> Task to carry out
The reply should match the listing below character for character, except that no image is carried over.

> Stored data
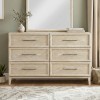 Oakmont Dresser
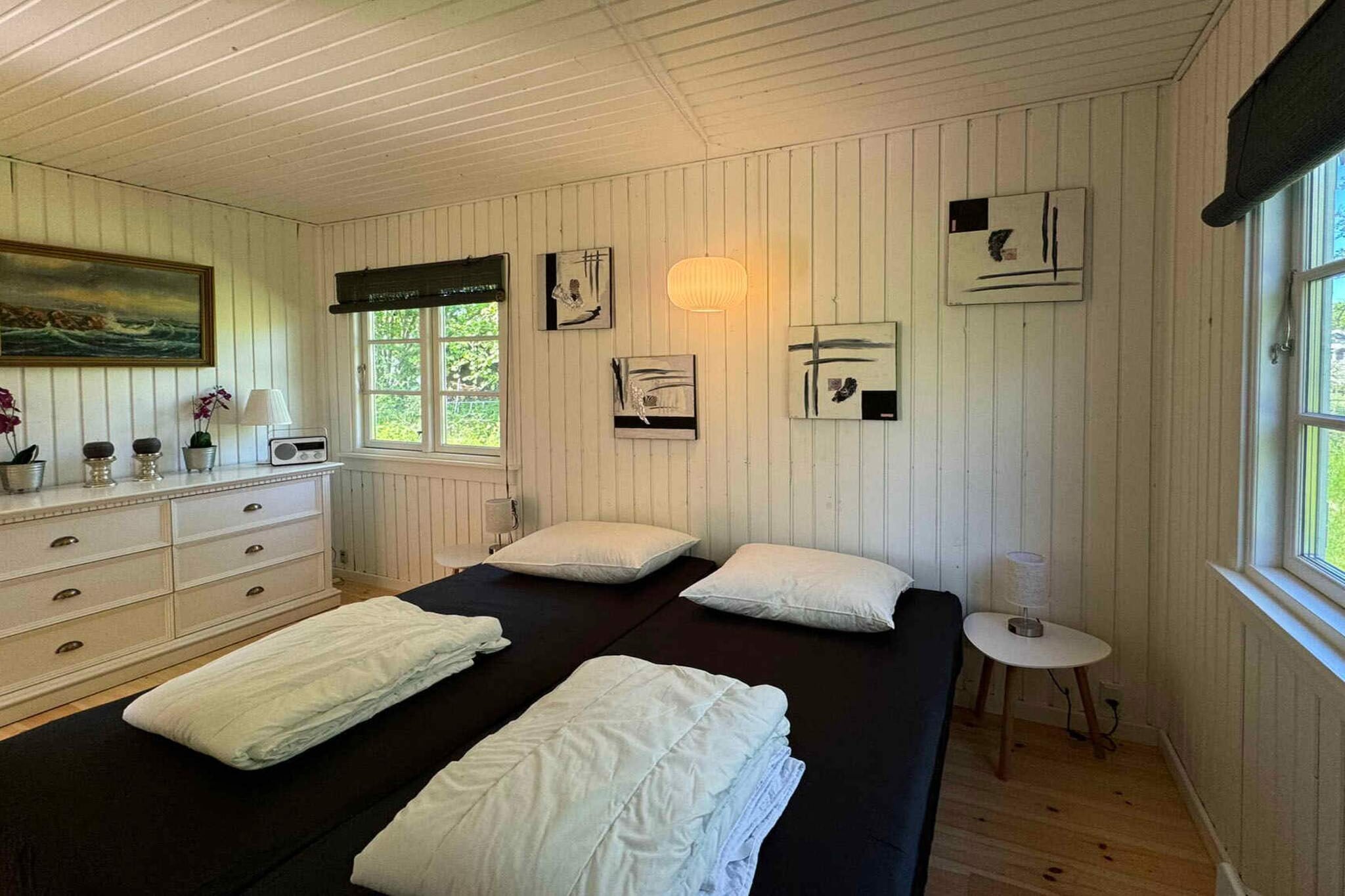 5 sterren vakantie huis in Grevinge-Binnen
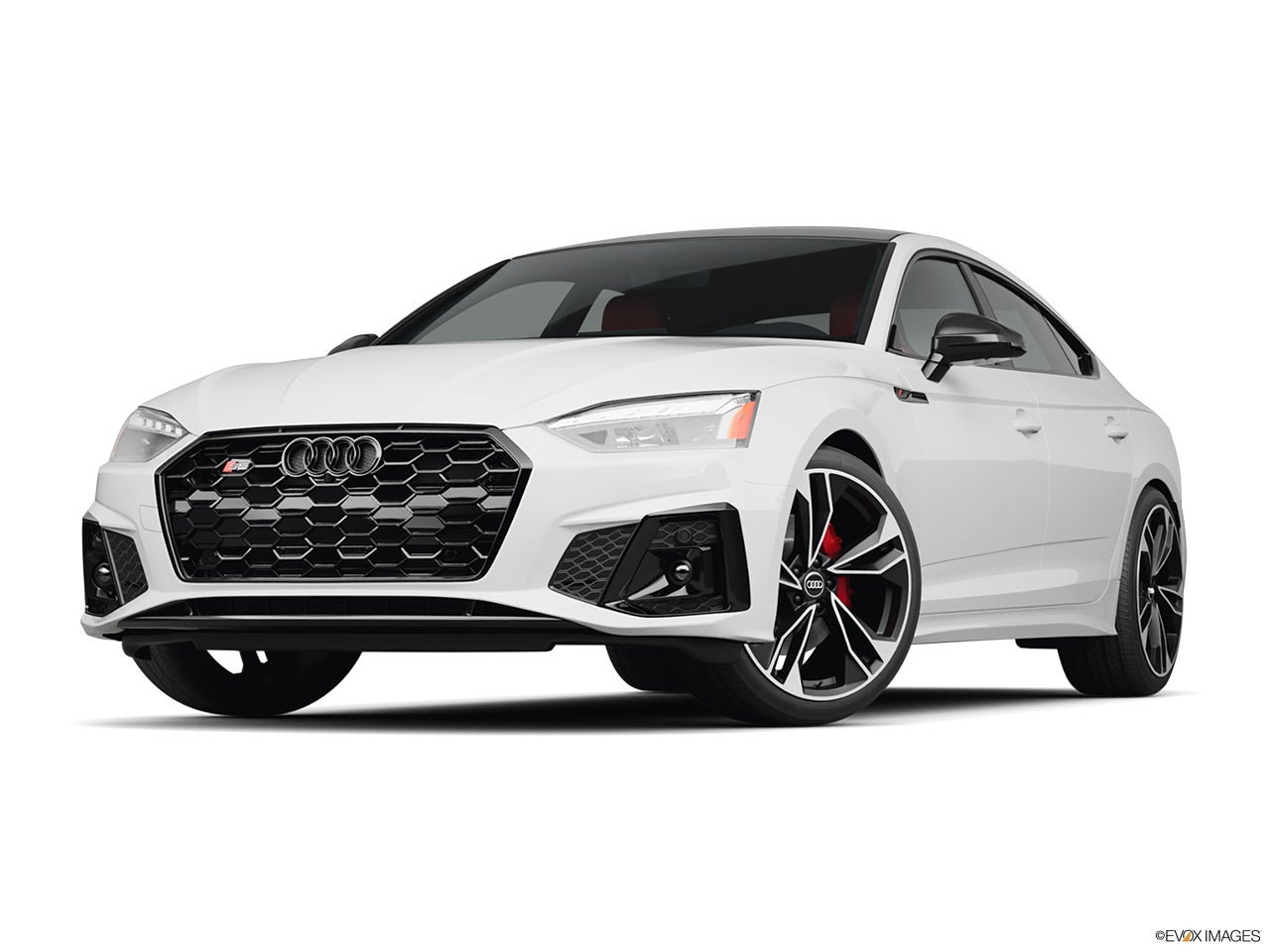 2025 Audi S5 Sportback photo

> Answer below
 Oakmont Dresser
 5 sterren vakantie huis in Grevinge-Binnen
 2025 Audi S5 Sportback photo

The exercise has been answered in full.